-- Your instructions --
Transcribe exactly the stretch of lines beginning at the one containing "Serum tái tạo" and closing with the last line of the entries below. Omit images.

Captioned web images
==================================================
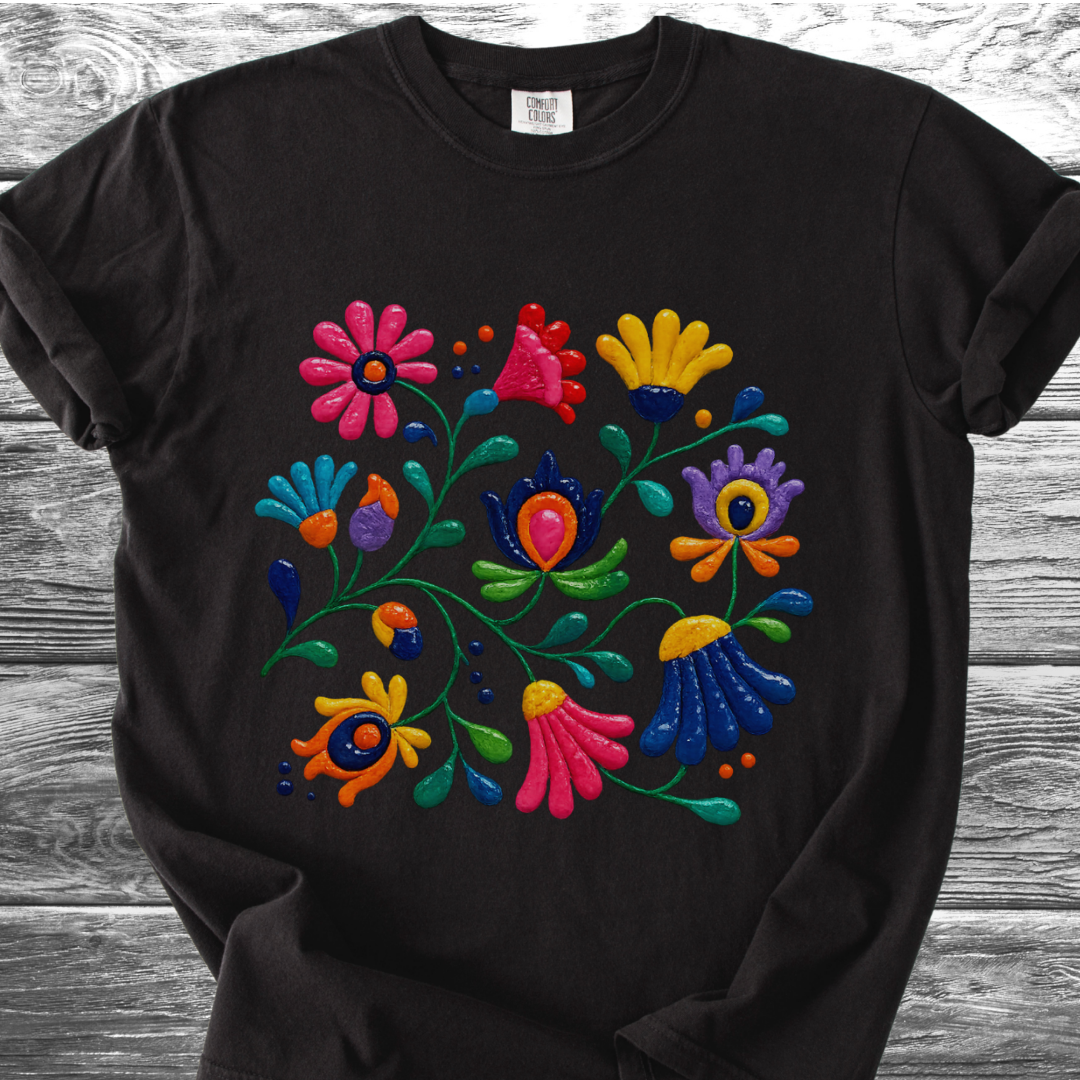 Ceramic Painted Flowers 3 TShirt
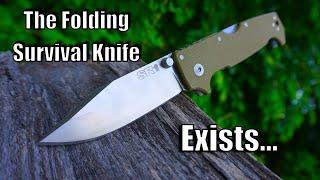 Cold Steel SR1: The Folding Survival Knife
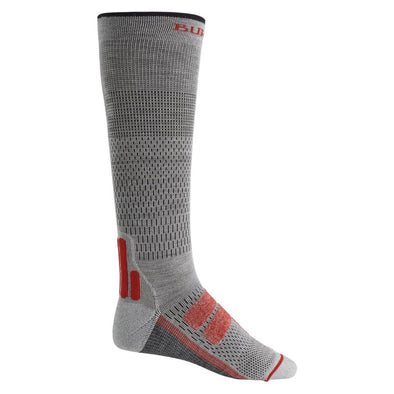 Burton Men’s Performance Ultralight Compression Socks Gray Heather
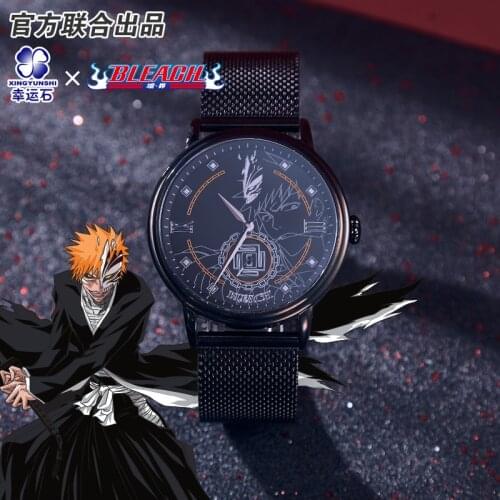 Bleach Anime Watch Waterproof Kurosaki Ichigo New Trendy Manga Role Action Figure Gift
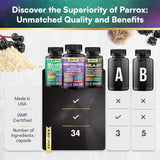 Parrox Resveratrol cápsulas: antioxidantes para estilo de vida activo.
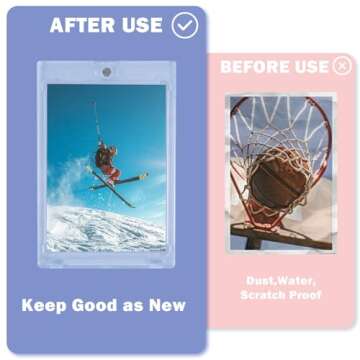 TORONTOKYO 100ct Magnetic Card Holders for Trading Cards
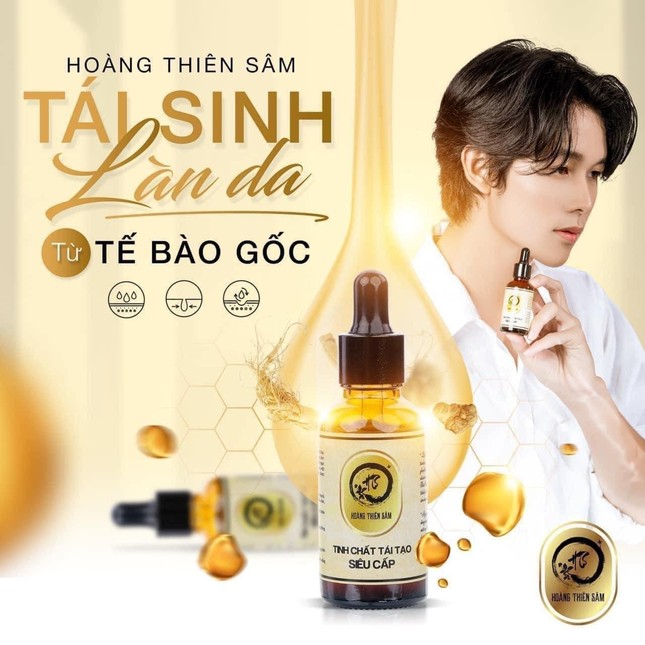 Serum tái tạo da Hoàng Thiên Sâm giải quyết mọi vấn đề của da mụn ảnh 2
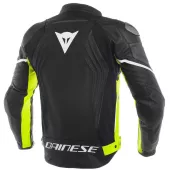Bunda na motorku Dainese RACING 3 black/fluo yellow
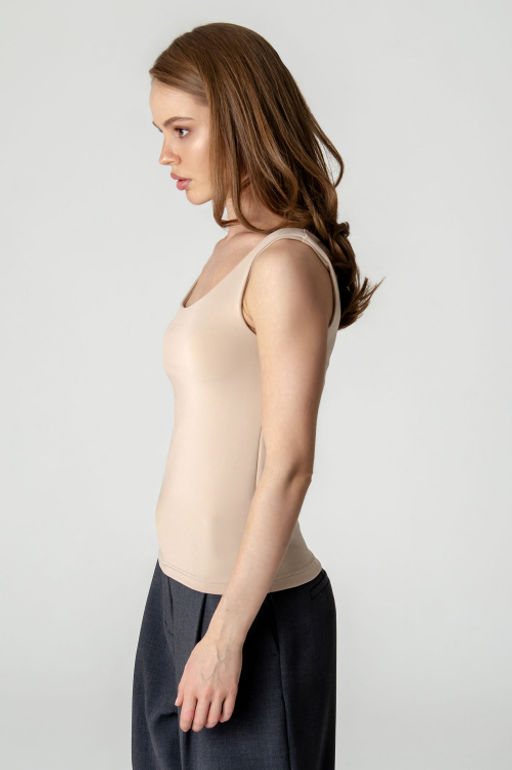 Арт.3801/1 Майка женская 44-48 (3 шт) Цвет:бежевый - Калинка фото 6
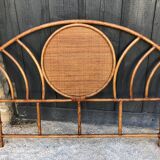 2 seater wicker bedhead
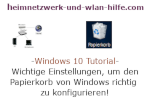 Windows 10 Tutorial - Wichtige Einstellungen, um den Papierkorb von Windows richtig zu konfigurieren!
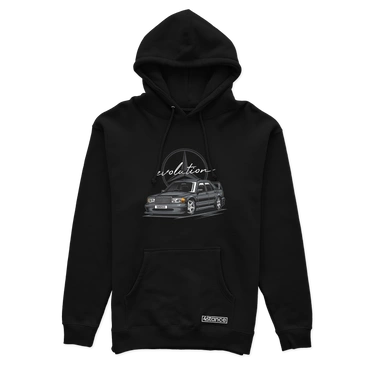 Czarna bluza z kapturem MERCEDES 190E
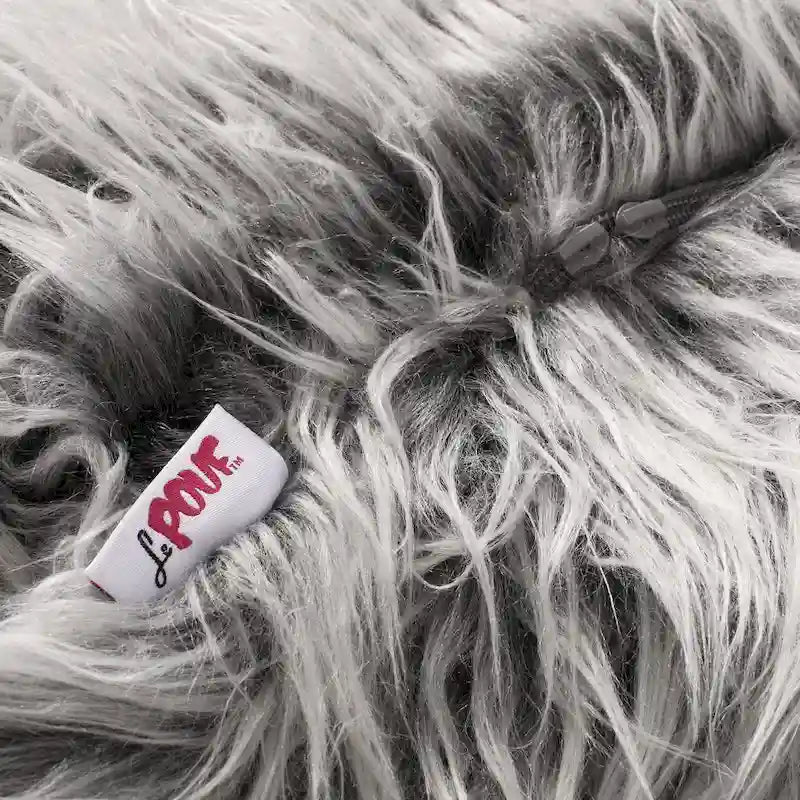 Modern Glam Faux Fur Bean Bag
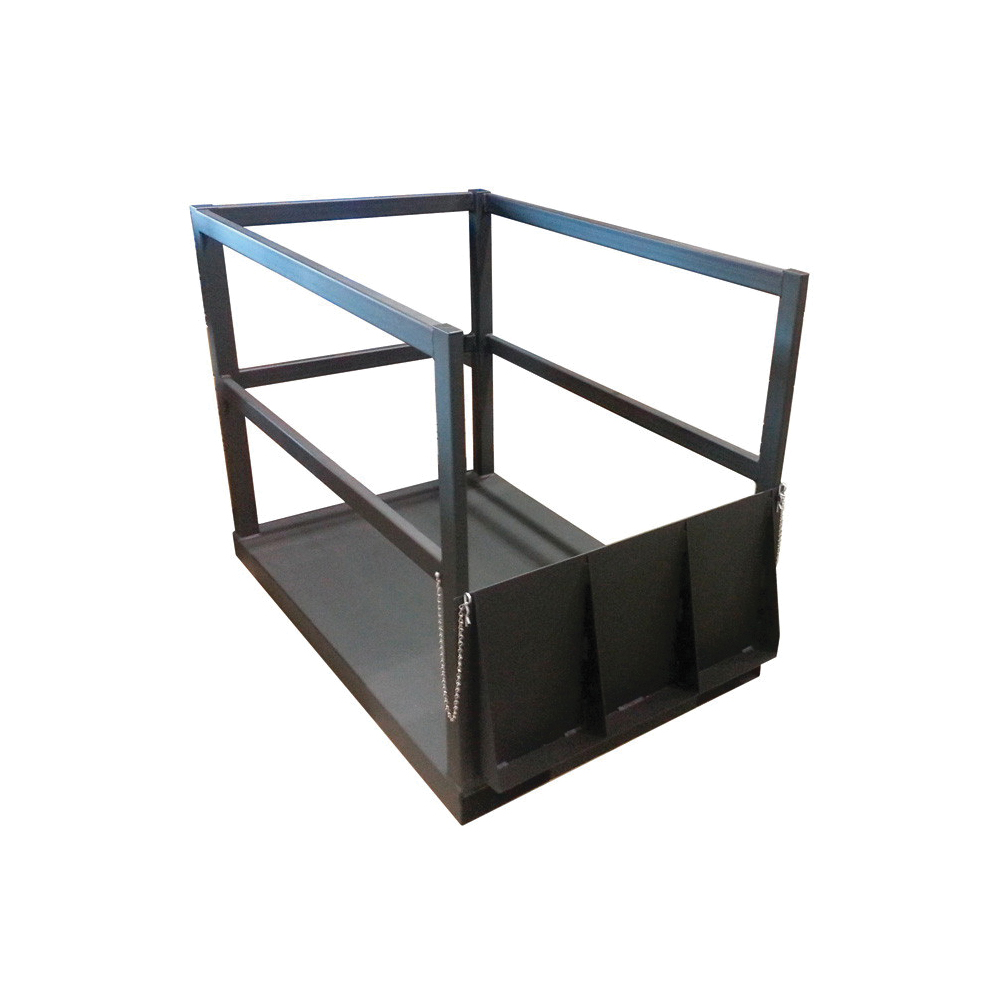Gas Cylinder Forklift Pallet, End Loaded, 14 Cylinder, 3600 lb Load, 9 in Diameter Cylinder, 38 in Height, 32 in Width, 66 in Depth, Steel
==================================================
-- Task response --
 Serum tái tạo da Hoàng Thiên Sâm giải quyết mọi vấn đề của da mụn ảnh 2
Bunda na motorku Dainese RACING 3 black/fluo yellow
 Арт.3801/1 Майка женская 44-48 (3 шт) Цвет:бежевый - Калинка фото 6
 2 seater wicker bedhead
 Windows 10 Tutorial - Wichtige Einstellungen, um den Papierkorb von Windows richtig zu konfigurieren!
 Czarna bluza z kapturem MERCEDES 190E
 Modern Glam Faux Fur Bean Bag
Gas Cylinder Forklift Pallet, End Loaded, 14 Cylinder, 3600 lb Load, 9 in Diameter Cylinder, 38 in Height, 32 in Width, 66 in Depth, Steel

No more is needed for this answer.